What is stabilization?
Stabilisation is the process of improving the engineering properties of the soil before construction. Stabilisation is done to improve the CBR of the soil to be used for a specific construction purpose. This can be done using various additives including Portland cement, fly ash, lime, bitumen etc. These chemicals impart higher bond strength by providing cohesion between the soil particles.
Bitumen emulsion for Soil Stabilization
Using bitumen emulsion for soil stabilisation refers to the process of adding a specified amount of bitumen emulsion to the soil and mixing it appropriately to create a strong and stable base. The bitumen is dispersed in the water in the form of small droplets which are suspended in water by an electrostatic charge of the emulsifier.
Bitumen Emulsions can be used for stabilising both cohesive as well as non-cohesive soils. However, in soils with finer grain sizes, this method may no longer be cost effective as the soil particles require a high dosage of bitumen emulsion in order to provide the same/better level of bonding. Succinctly, the quantity of the bitumen emulsion will depend on the type of the soil so as to offer the desired strength to the soil base.
Following are some of the benefits attributed to the bitumen emulsion being used for soil stabilisation:
Waterproofing: Using bitumen emulsion for stabilisation is slightly different from cement stabilisation, as the soil particles coated with the emulsion renders it water-resistance.
Load bearing capacity: Soil stabilisation using bitumen emulsions result into a permanent sealing of the soil structure. This increases the load carrying capacity of the soil layers. The load distribution is 2-3 times higher than that of the unbound foundation layers.

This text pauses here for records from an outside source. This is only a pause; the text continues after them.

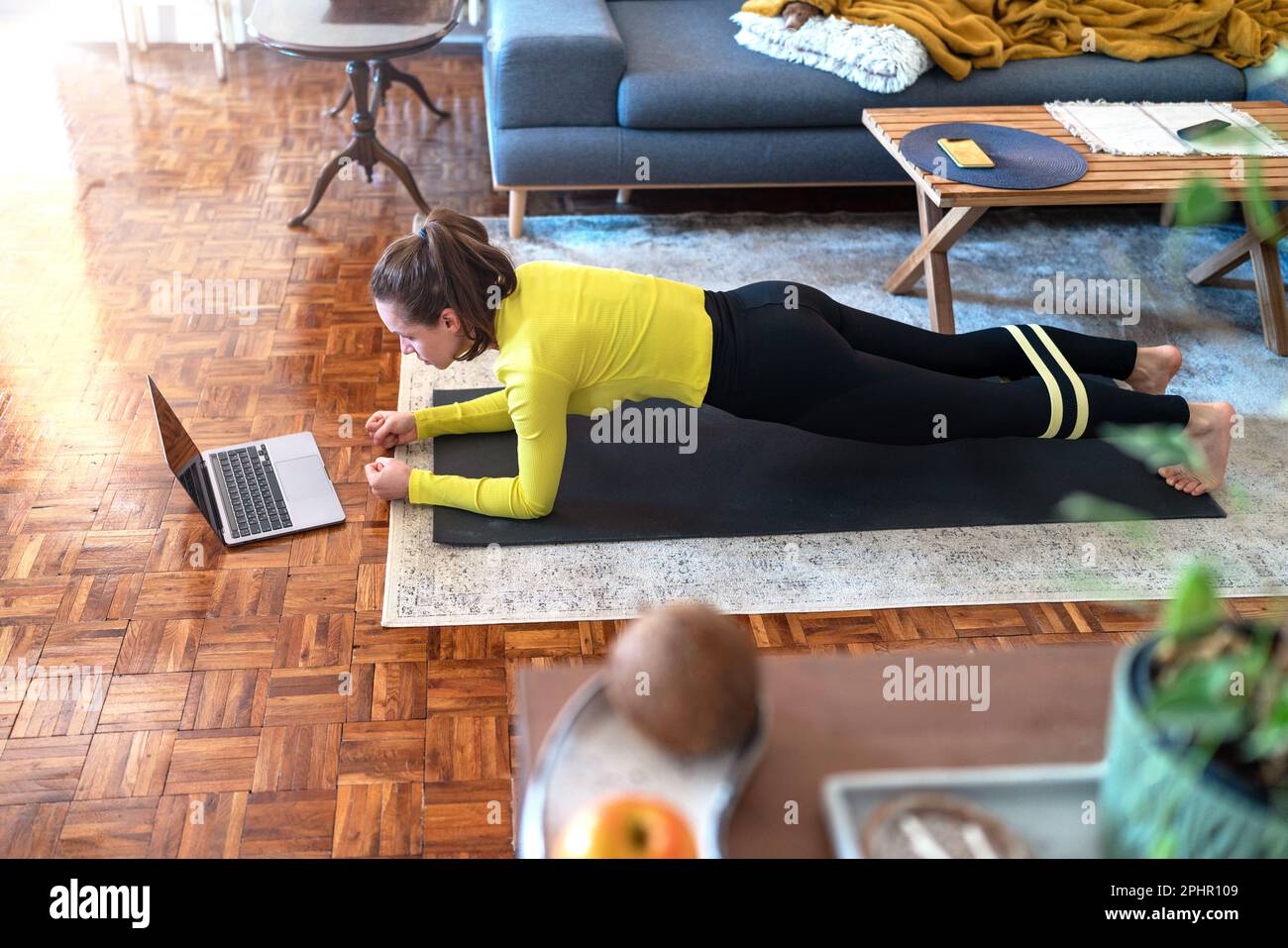Donna che fa l'asse sul pavimento nel paese e che guarda l'addestramento in linea sul Internet usando il laptop. Foto Stock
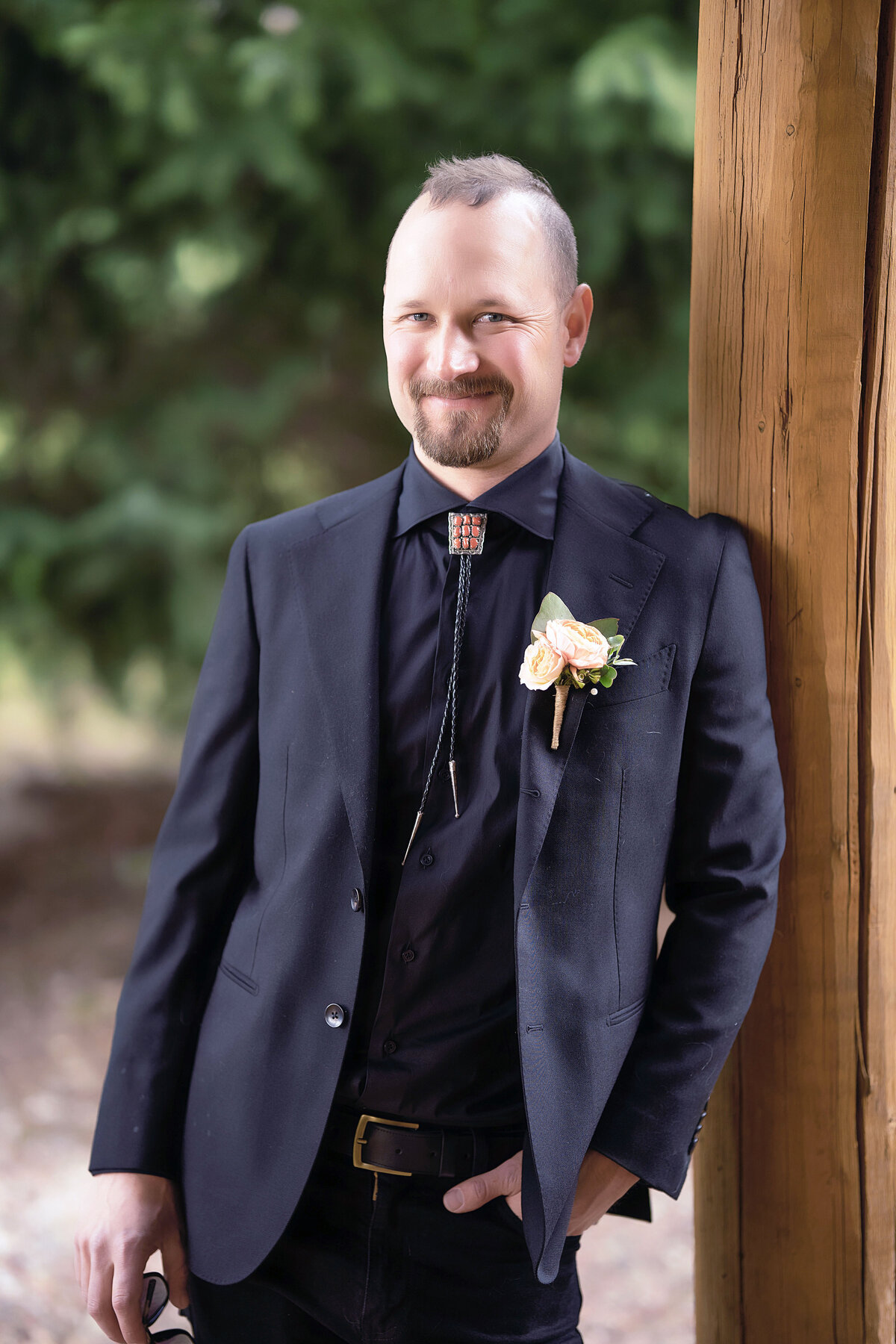 A handsome groom leans against a log cabin in Beyul Resort Aspen Colorado, getting ready for his wedding day.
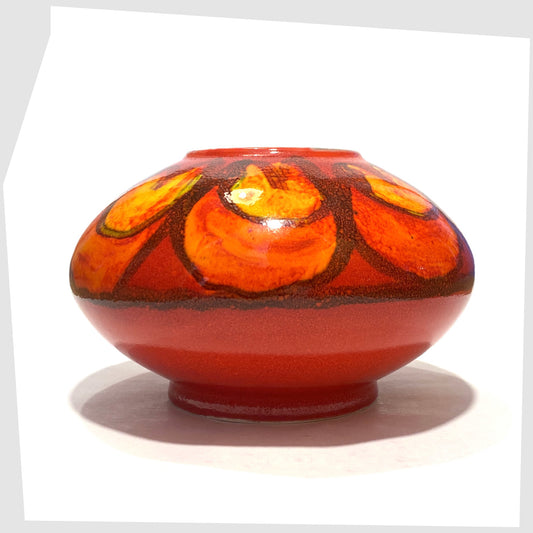 Poole Pottery Delphis Vase, Shape 32, by Anita Lawrence in a vivd red with fluid forms of orange and yellow glaze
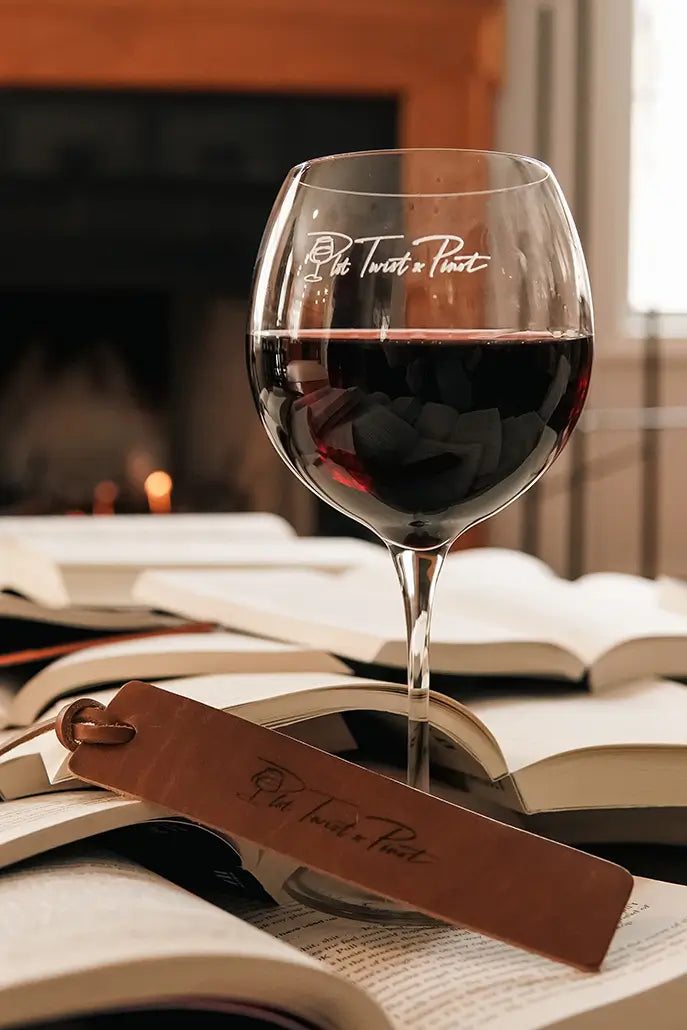 A glass of red wine with script on it is placed on open books alongside a brown leather bookmark. A fireplace with a gentle flame is blurred in the background, creating a cozy atmosphere.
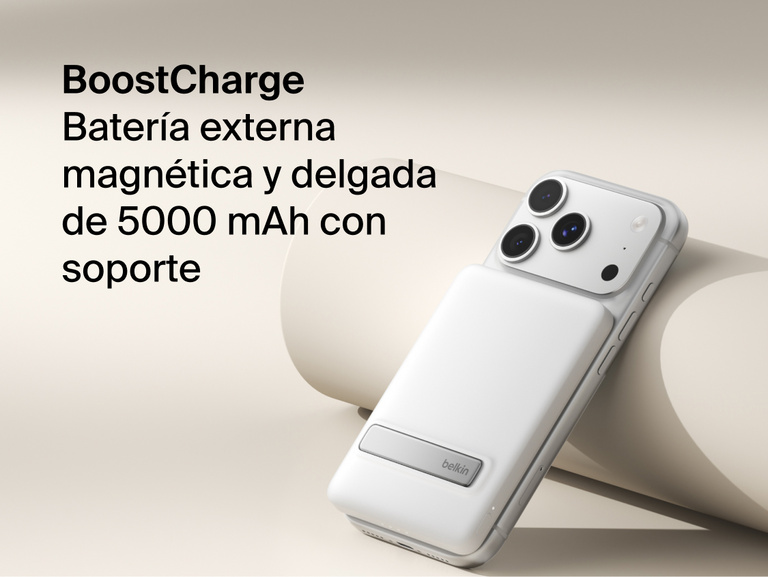 Belkin BoostCharge Slim Magnetic Power Bank 5K with Qi2 wirelessly attached to a smartphone, featuring a slim magnetic design with integrated card storage for portable on-the-go charging.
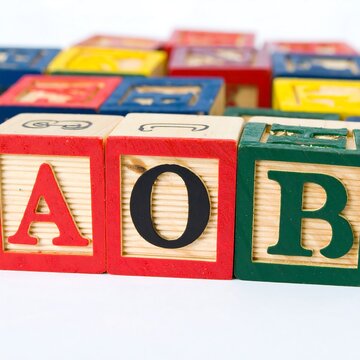 Wooden alphabet blocks spelling AOR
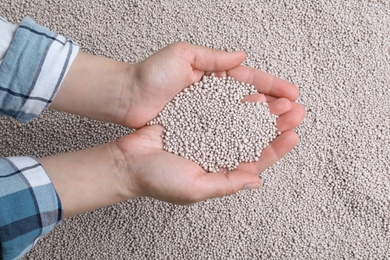 Woman holding chemical fertilizer over pellets, closeup. Gardening season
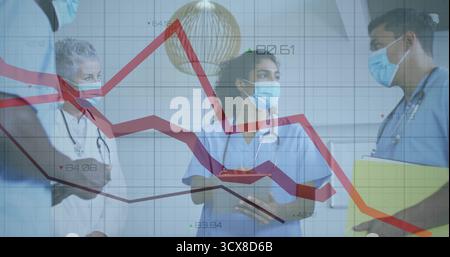 Discussion des tendances sur la superposition de graphiques linéaires dans le couloir de l'hôpital avec les stéthoscopes de tablette à presse-papiers Banque D'Images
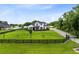 The aerial view showcases a home with expansive green lawn surrounded by a black fence and mature trees at 3201 Dallas Blvd, Orlando, FL 32833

Flexibility: The soil layers of the roads should act as supporting layers by absorbing the stresses of the vehicles moving on top of it and not deform under these stresses. In order to facilitate this, the soil layers need to be somewhat flexible, so as to retain the shape and size. In case of a rigid structural layer, the risks of crack formation are much higher thus increasing the risk of failure. This is the situation which calls for the use of bitumen emulsion. They are very thin flowing and can be easily mixed with the soil, which also calls for lesser bituminous binder.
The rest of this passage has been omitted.